Summer: time to kick back, put those textbooks away, and push school out of mind. But research has shown that this education avoidance contributes to the loss of previously learned knowledge in students, essentially leaving them unprepared for the upcoming school year. How to combat this brain drain malady? Get online—American Library Association’s (ALA) Great Websites for Kids has one such solution.

Since its establishment by the Association for Library Service to Children (ALSC) in 1997, Great Websites for Kids has compiled carefully reviewed websites that are appropriate and educational for users up to fourteen years old. Websites are evaluated on several criteria, including content, purpose, subject matter and design. Their list covers a wide array of topics from history to animals to literature, providing both specific and more general information.

Scrolling through their approved history list, you can find everything from Abraham Lincoln to women’s suffrage. Great Websites for Kids is an excellent tool for homework help during the school year or for curious minds, but as the Chicago Tribune notes, it can also help ensure that students don’t experience learning loss over the summer.
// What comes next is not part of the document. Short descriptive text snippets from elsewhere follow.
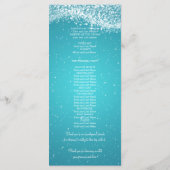 Elegant huwelijksprogramma Sparkling Wave Blue Programmakaart (Achterkant)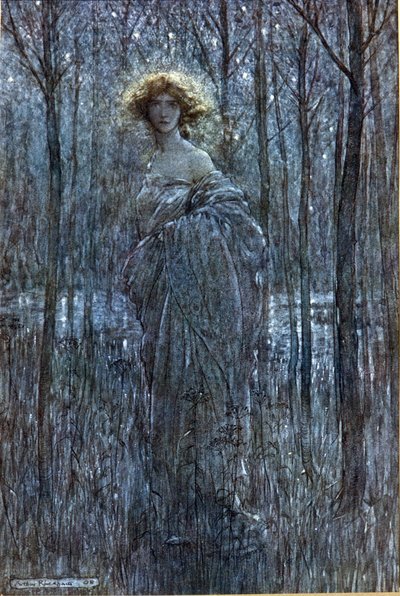ヘレナ：アーサー・ラッカム（1867-1939）によるウィリアム・シェイクスピア作『夏の夜の夢』の挿絵 作： Arthur Rackham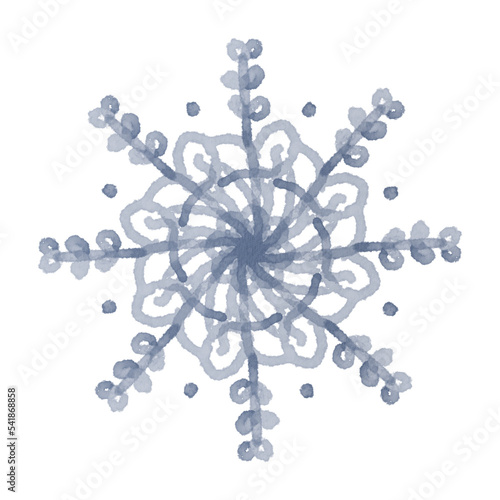 Watercolor painting blue snowflake illustration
Educational websites give children a fun and interactive way to continue their learning.

Some of the many “Most Popular” sites listed on Great Websites are Eric Carle (author of The Very Hungry Caterpillar), Mr. Roger’s Neighborhood, Thomas the Tank Engine, National Gallery for Kids and NASA. Another site, Generation On, focuses on spreading the youth service movement and helping teens find more ways to volunteer and give back. There truly is something for everyone among the expansive database, even websites for parents and teachers.

However, sticking children in front of a computer screen for the entire summer does have negative effects, including higher rates of obesity. The solution comes in the healthy balance between indoor and active time. As long as it is not a constant stationary activity, access to educational websites not only supplements school, but can also teach kids initiative and spark further interest in different subjects. Additionally, because it can be challenging for some students to learn in a typical classroom setting, access to interactive learning sources provides an alternative for those who struggle.

The Internet can be a dangerous place for kids when unmonitored, but it also opens up endless possibilities that enhance limited learning experiences. Furthermore, longstanding print and television broadcast media have established an online presence: National GeographicHighlights, PBS and Sesame Street, to name a few. All are on Great Websites’ approved list.

This summer, instead of mindless video games or television show repeats, consider the interactive learning available through Great Websites and other kid-friendly websites, each designed to enrich children’s education and prevent learning loss.